Content starts
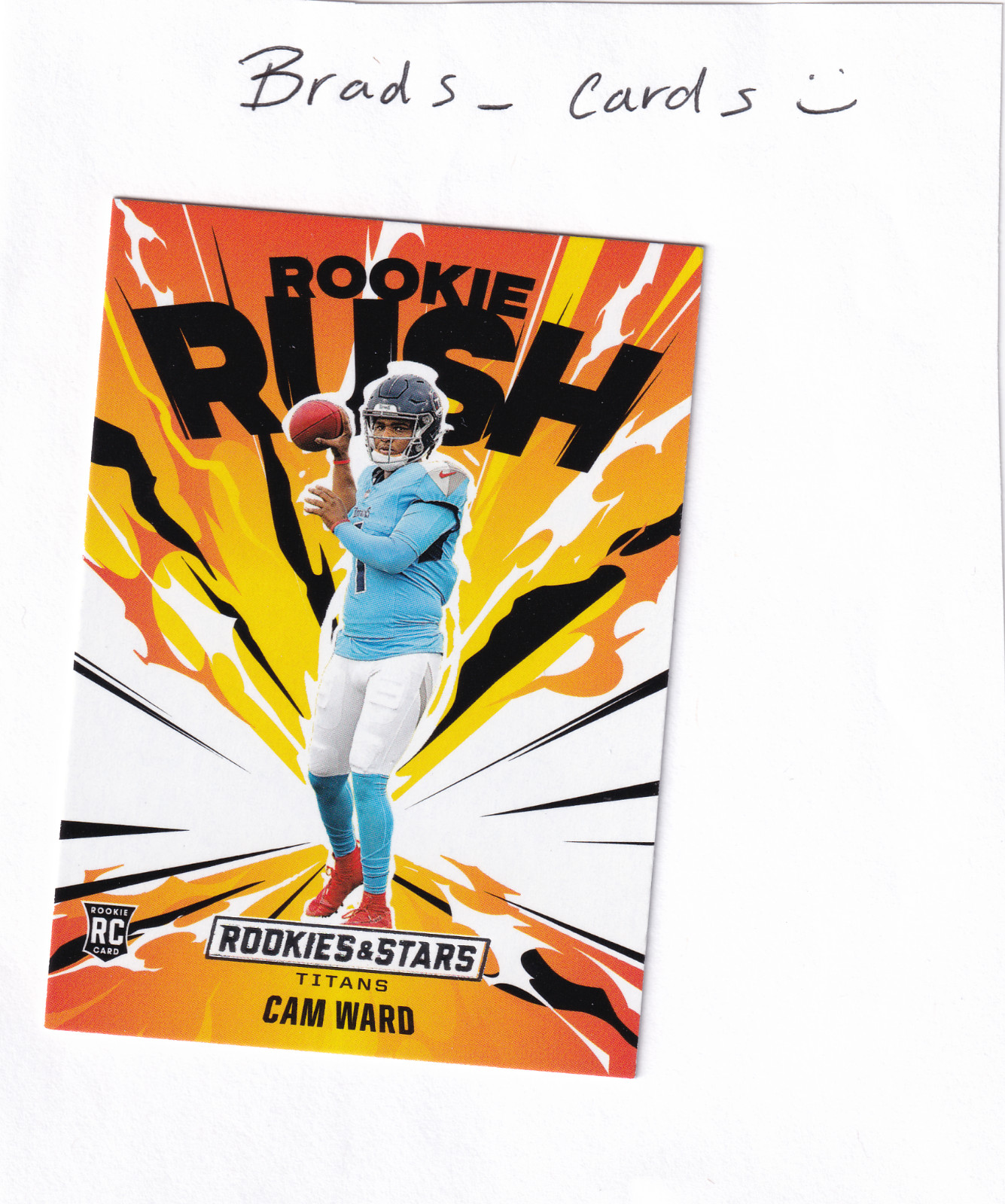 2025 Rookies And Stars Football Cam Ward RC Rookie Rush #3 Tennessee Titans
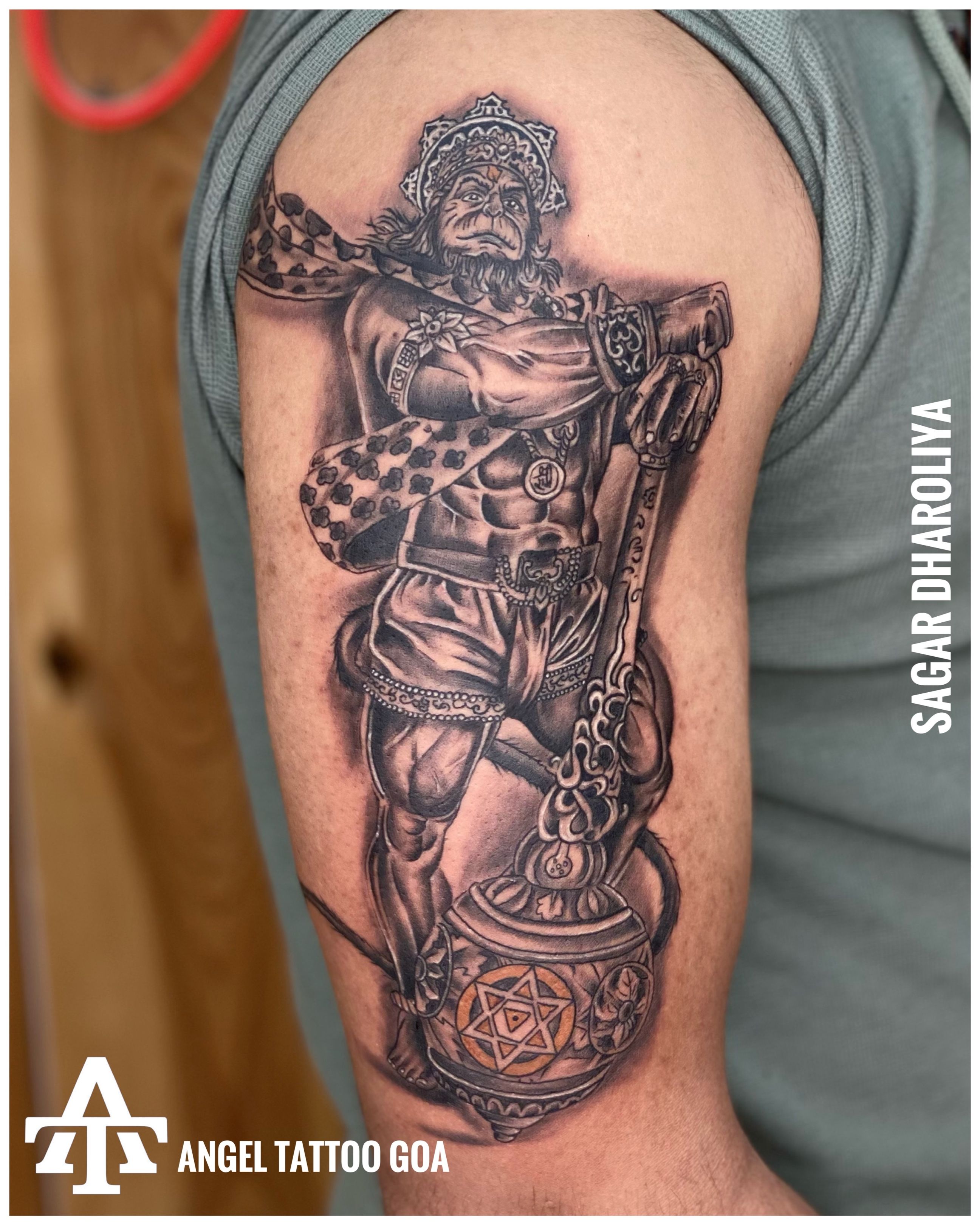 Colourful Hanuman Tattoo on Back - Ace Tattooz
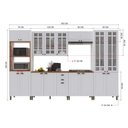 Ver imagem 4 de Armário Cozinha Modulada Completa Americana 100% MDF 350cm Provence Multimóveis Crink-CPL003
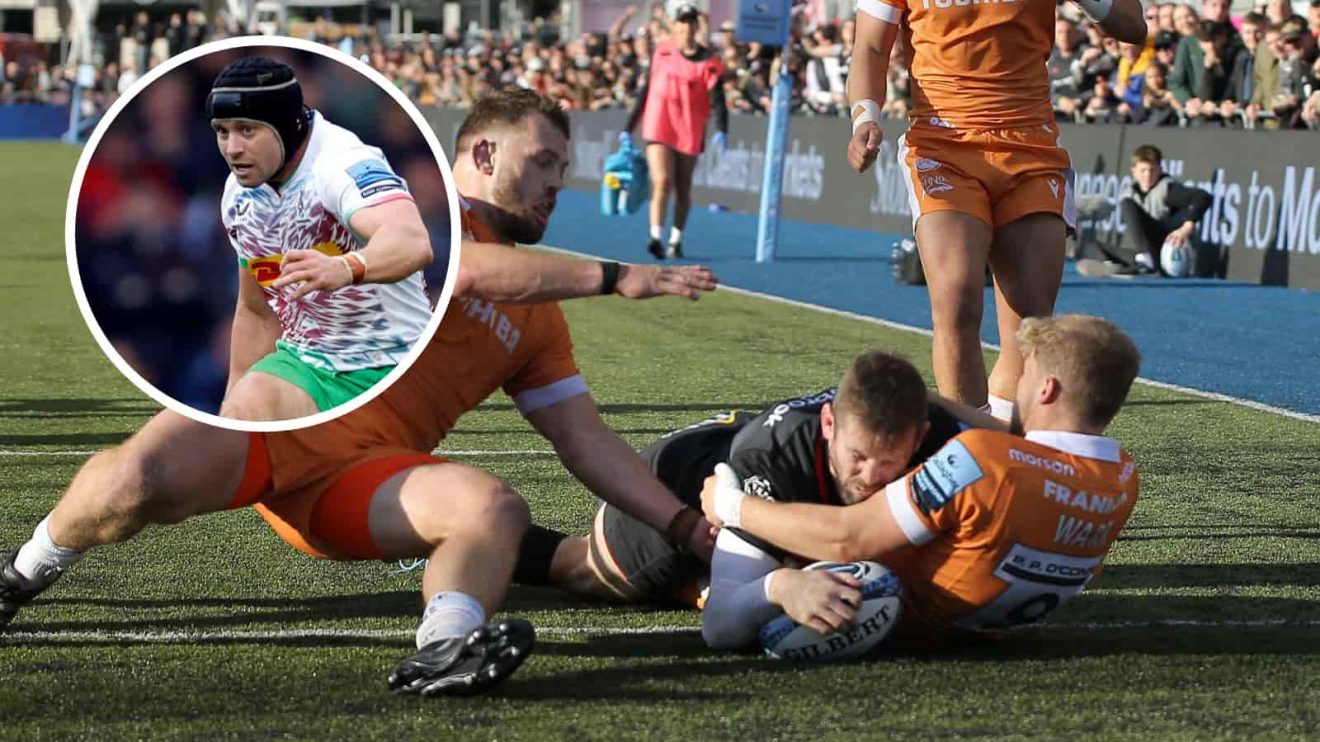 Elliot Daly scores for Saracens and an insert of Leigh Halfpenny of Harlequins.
Content ends
Exact repetition required: repeat the first line of the listing above, the line containing "Ver imagem 4", and every line between, leaving out pictures.

◆ **Answer section**
 2025 Rookies And Stars Football Cam Ward RC Rookie Rush #3 Tennessee Titans
 Colourful Hanuman Tattoo on Back - Ace Tattooz
 Ver imagem 4 de Armário Cozinha Modulada Completa Americana 100% MDF 350cm Provence Multimóveis Crink-CPL003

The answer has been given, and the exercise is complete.